Consumers, providers, disability and senior advocates and labor unions support wage increases for IHSS workers.

A statewide coalition of IHSS consumers and workers -- known as IHSS Agenda 99 -- supported legislation this year (AB 16 - Mike Honda) that would have required the state to fully share in the costs of wage and benefit improvements for IHSS workers. Under this bill, the state would pay 65% of the cost and the counties 35%, the same sharing rate for all other IHSS costs.
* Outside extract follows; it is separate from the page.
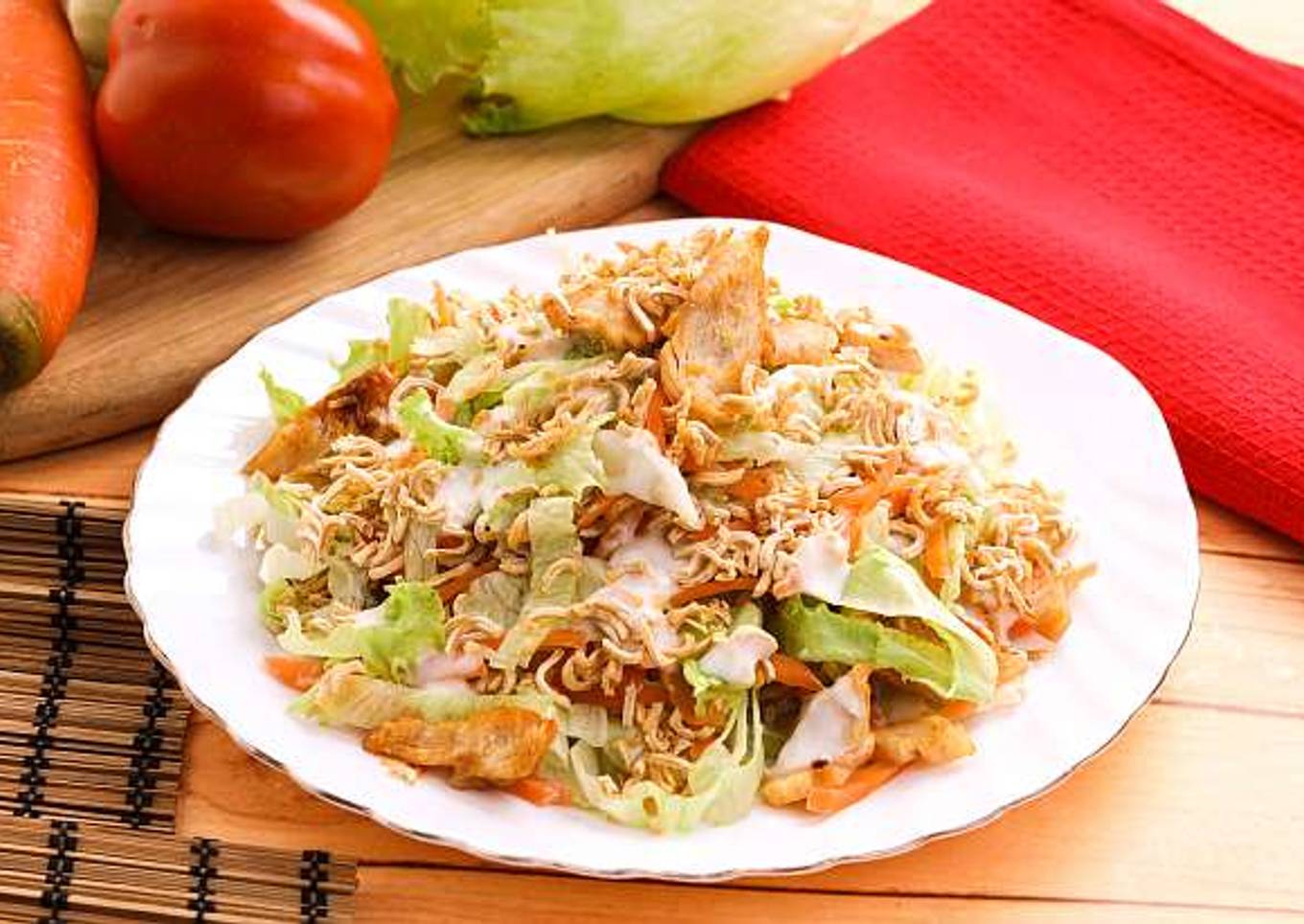 Resep Crispy Mie Ayam Salad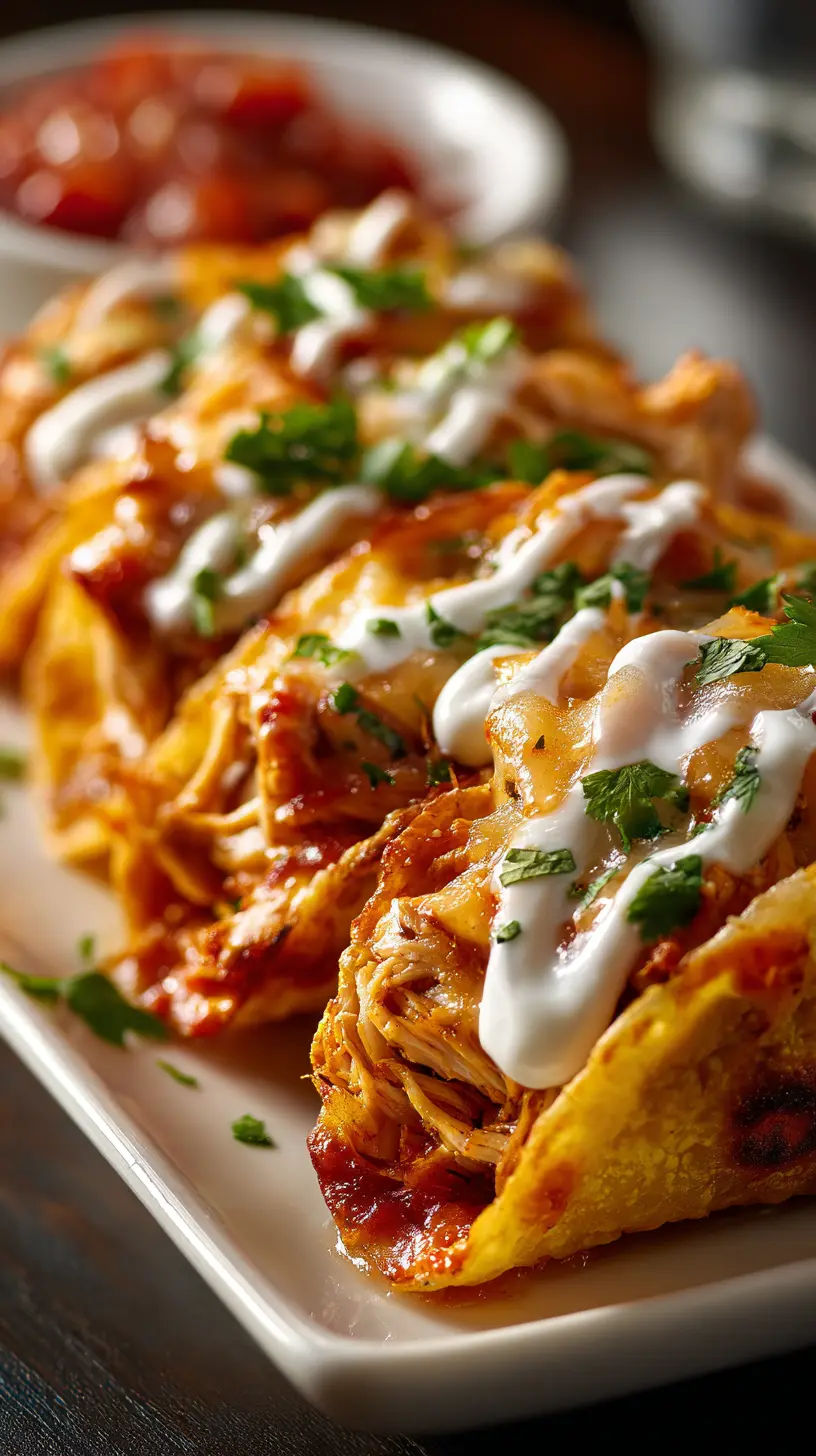 Serving suggestion for Mouthwatering Mini Baked Chicken Tacos You’ll Love Tonight — mini baked chicken tacos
The bill also provided state assistance to counties who wished to improve wages and benefits for IHSS workers.

AB 16 cost sharing language was eventually incorporated into the budget passed by the legislature as trailer bill AB 1682, but was changed and funding was reduced by Governor Davis.

Governor Davis did agree to state sharing of costs only up to fifty cents above the minimum wage and only for one year through July 2000. By next July, unless the Governor acts differently, this .50 cent raise will go away.
Although wage increases for IHSS workers would appear to be primarily a labor issue, IHSS consumers and providers, and disability and senior advocates are strongly supportive of AB 16 because they believe that existing low wages make it harder to recruit and retain high quality workers. They also believe that requiring the state to share Public Authority costs on the same sharing ratios as other IHSS delivery methods will make the Public Authority model more attractive to counties. These advocates are strongly supportive of the public authority concept because it is the model that is most supportive of consumer-directed services.

There are two primary delivery methods for IHSS - a Public Authority or a contractor. Consumers prefer the mode of service offered by a Public Authority because it gives them maximum control over their lives.

With a Public Authority, consumers are the employer and are in charge of hiring, firing and supervising homecare workers; with a contractor, the consumer does not retain all of these employer rights.

However, current state law: Limits the most preferred and least costly Public Authority to minimum wage for homecare workers; while fully funding the least preferred and more costly contract mode.